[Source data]
▼

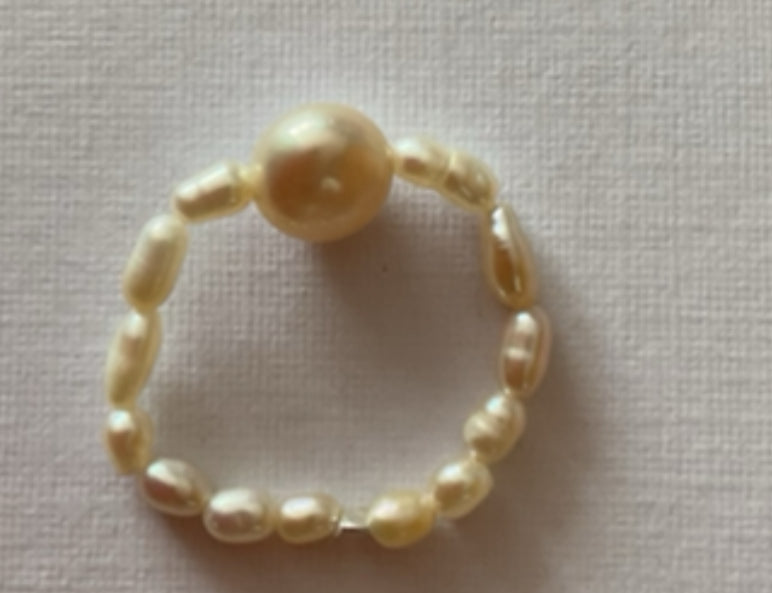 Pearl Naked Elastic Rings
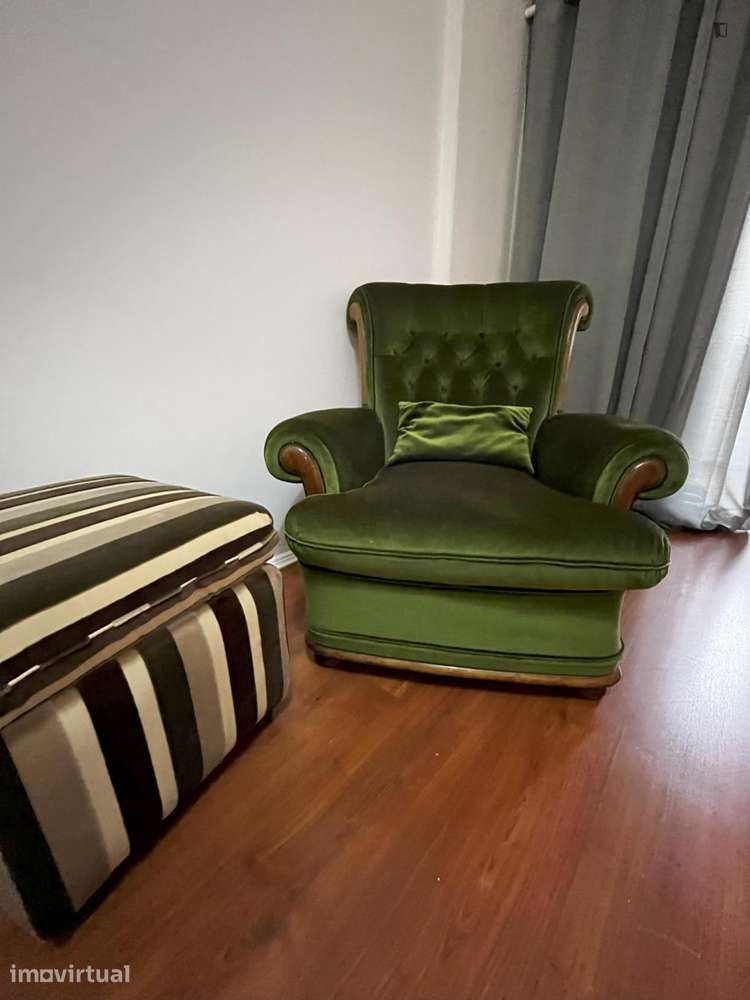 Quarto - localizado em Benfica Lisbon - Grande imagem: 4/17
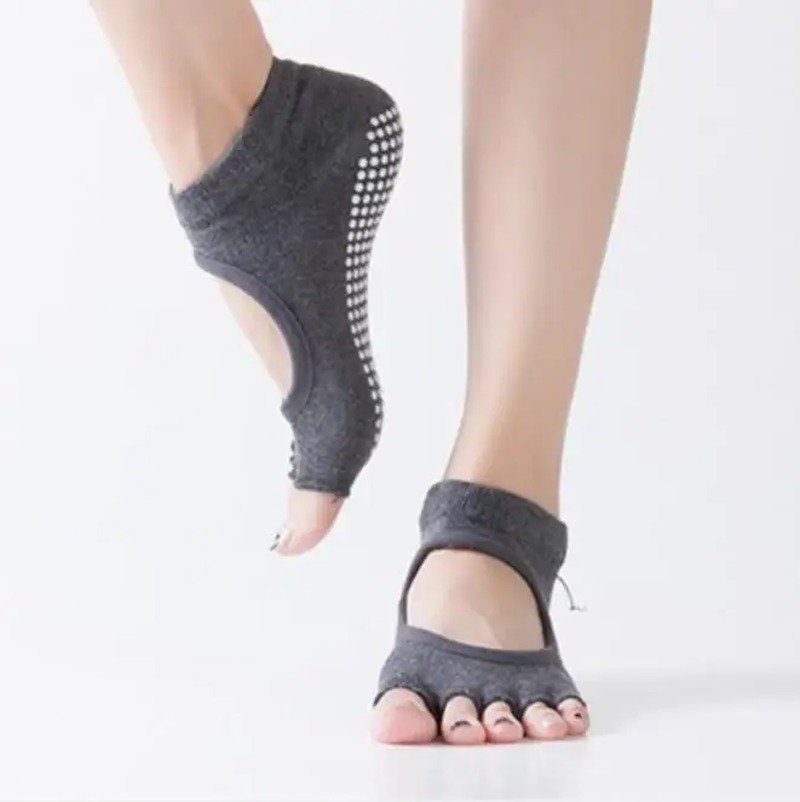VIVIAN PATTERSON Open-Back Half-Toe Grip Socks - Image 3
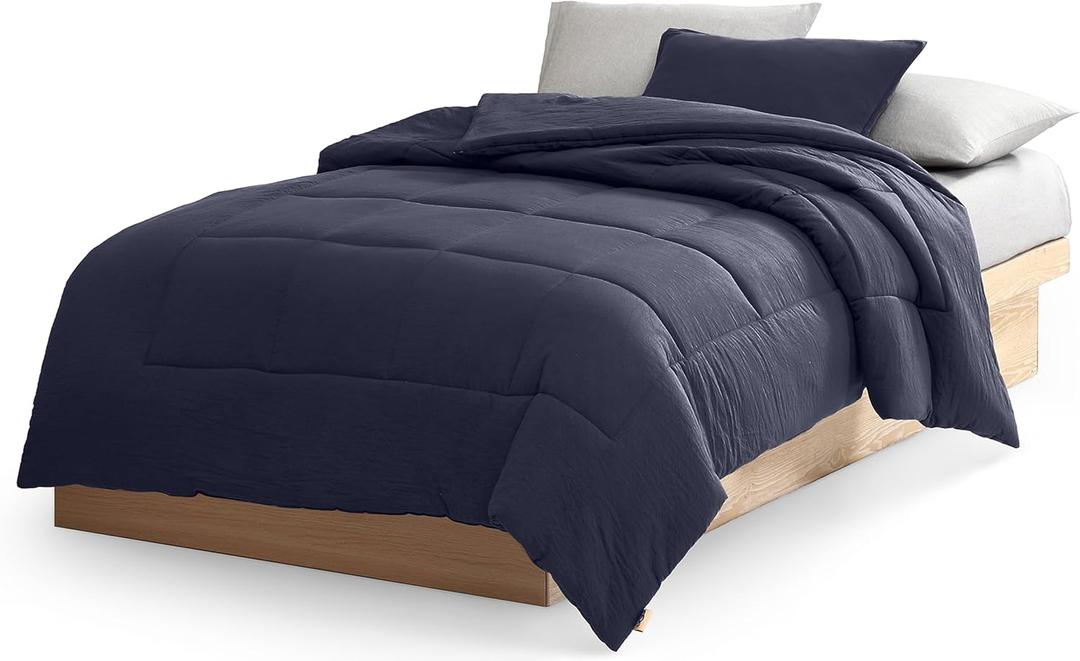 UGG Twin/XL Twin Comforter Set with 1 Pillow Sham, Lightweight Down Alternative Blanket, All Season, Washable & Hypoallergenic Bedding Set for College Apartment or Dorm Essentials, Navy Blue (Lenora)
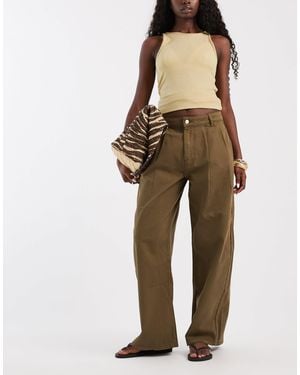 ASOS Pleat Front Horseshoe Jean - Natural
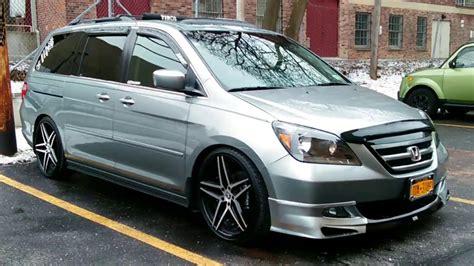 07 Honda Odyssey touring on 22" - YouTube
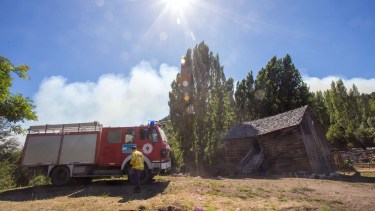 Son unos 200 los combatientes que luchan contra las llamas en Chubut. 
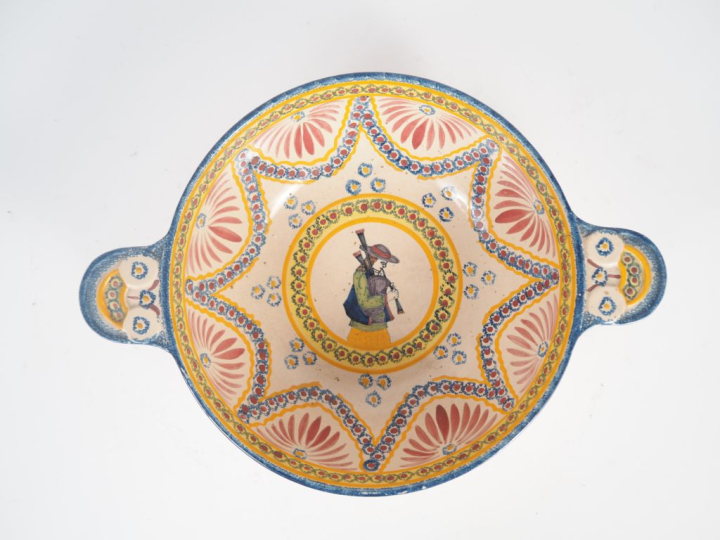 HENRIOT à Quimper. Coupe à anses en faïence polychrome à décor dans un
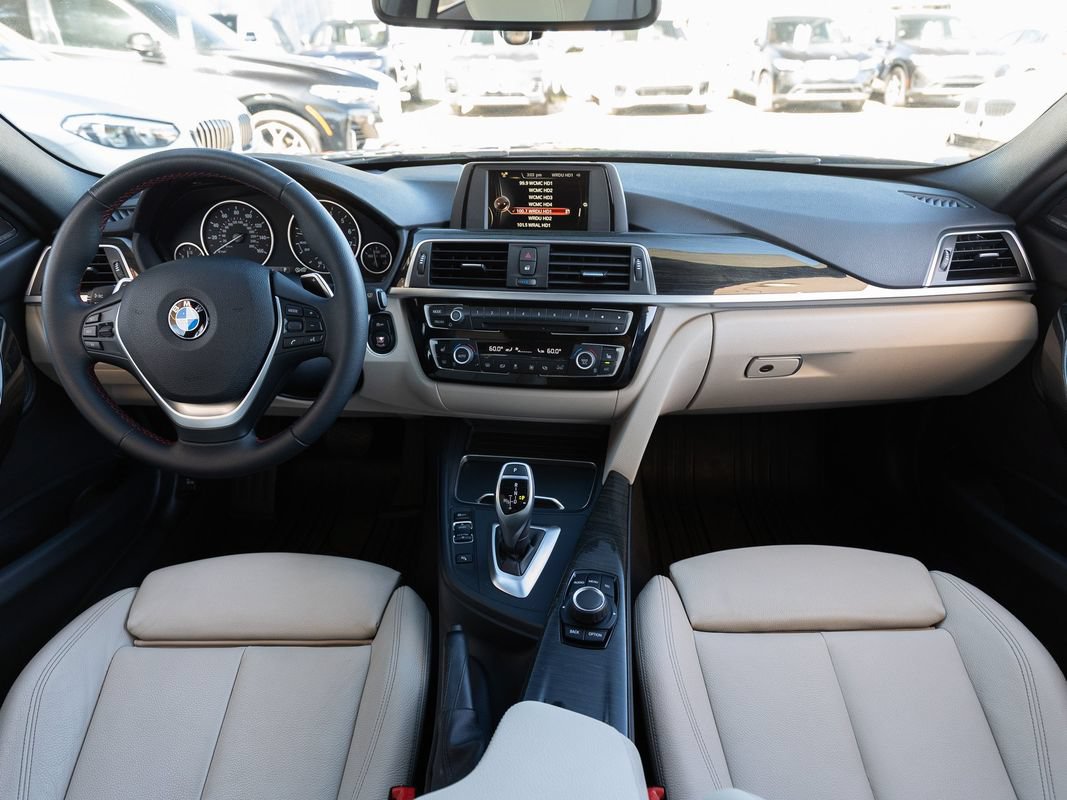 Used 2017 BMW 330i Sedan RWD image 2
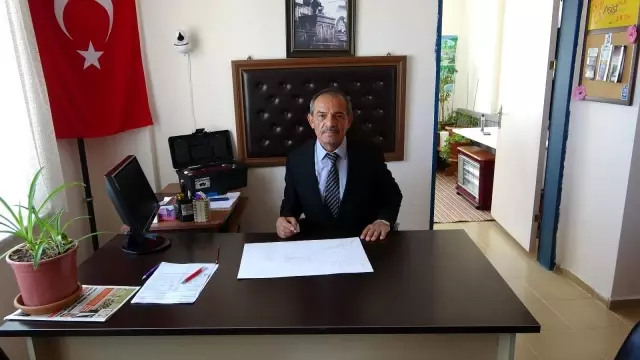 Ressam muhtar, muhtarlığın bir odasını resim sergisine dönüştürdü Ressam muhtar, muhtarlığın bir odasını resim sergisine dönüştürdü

▲

_Task statement_
Copy exactly the lines from the line that has "HENRIOT à Quimper." through the last line of the entries above, inclusive, and no others. Pictures do not go in the copy.

_Answer space_
 HENRIOT à Quimper. Coupe à anses en faïence polychrome à décor dans un
 Used 2017 BMW 330i Sedan RWD image 2
 Ressam muhtar, muhtarlığın bir odasını resim sergisine dönüştürdü Ressam muhtar, muhtarlığın bir odasını resim sergisine dönüştürdü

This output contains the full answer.